Rejet du référé-suspension contre l'exclusion temporaire de fonction pour refus d'ôter un "calot infirmière"

Suite de l'affaire du “calot” avec une seconde saisine en référé-suspension de la sanction d'exclusion temporaire des fonctions de huit mois prononcée à l'encontre de l'infirmière, après retrait de la sanction de révocation initialement prononcée par la directrice du hospitalo-universitaire « APHP Sorbonne Université ».

Lors d'un premier référé-suspension, le tribunal administratif de Paris le 6 janvier 2026 (n°2535894) avait suspendu la révocation infligée à une infirmière de l'établissement “au motif du port d’une tenue vestimentaire inadaptée, à savoir un couvre-chef, et des refus réitérés de l’ôter en dépit des demandes lui ayant été adressées.” (voir notre veille “La sanction de révocation est disproportionnée pour le port reproché d'un calot”).

Le TA avait alors estimé que la sanction était disproportionnée.

La directrice du groupe hospitalier a procédé au retrait de la première sanction, puis prononcé la sanction d'exclusion temporaire de huit mois.

L'infirmière conteste à nouveau, en reprenant ses arguments.

Mais ici, le TA rejette sa demande dans son ordonnance n° 2604445/6 du 18 février 2026. 

Tout d'abord, la sanction ne repose pas sur des motifs discriminatoires : la requérante a fait l'objet d'une exclusion temporaire de fonction, d'une durée de huit mois, pour le seul motif tiré du refus d'ôter un couvre-chef porté de façon permanente, hors intervention chirurgicale et en contradiction avec les règles d'hygiène et de sécurité des soins, et ce, malgré des injonctions répétées en ce sens et le blâme prononcé à son encontre le 5 mai 2025 pour ce même motif.

Peu importe d'ailleurs que d'autres soignants portent également un calot sans avoir fait l'objet de sanction.

Le TA se fonde à nouveau sur le devoir d'obéissance (art.

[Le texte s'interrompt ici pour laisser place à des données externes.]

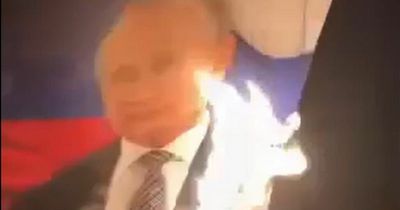 Anti-war protesters burn portraits of Vladimir Putin as anarchy spreads over Russia war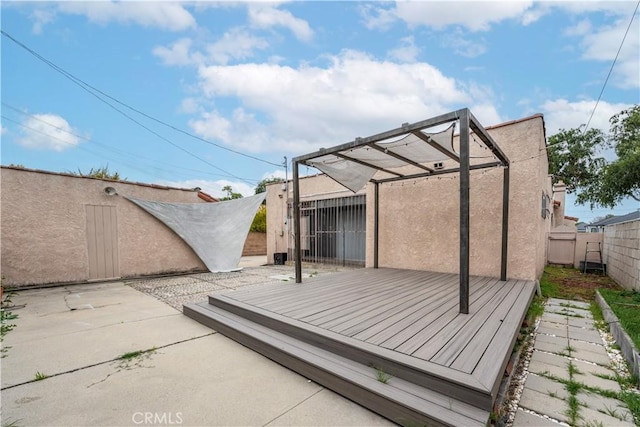 3712 Virginia Rd, Los Angeles, CA 90016 - back of property featuring a fenced backyard, stucco siding, and a deck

L. 121-10 du code général de la fonction publique). Se référant aux recommandations émanant du comité de lutte contre les infections nosocomiales (CLIN), selon lesquelles l'utilisation d'un couvre-chef « doit être strictement réservée à la réalisation de l'acte ou bien du secteur » pour lequel il est prescrit, le tribunal administratif estime que le port continu de ce “couvre-chef”, sans distinction de soin ou de lieu, dans l'enceinte de l'hôpital comme en dehors, présente un risque infectieux non-négligeable pour les patients et qu'il lui a été demandé de très nombreuses fois de l'ôter (injonctions sur une période de près d'une année avec un blâme quelques mois plus tôt pour ce motif). L'argument selon lequel elle a longtemps pu porter un couvre-chef sans qu'aucune remarque ne lui ait été adressée par sa hiérarchie n'est pas vraiment pris en compte.

Rien n'est de nature à créer un doute sérieux quant à la légalité de la décision attaquée ; par conséquent, les conditions du référé-suspension ne sont pas remplies et la requête est rejetée.

Reste à savoir ce qu'en diront les juges saisis au fond.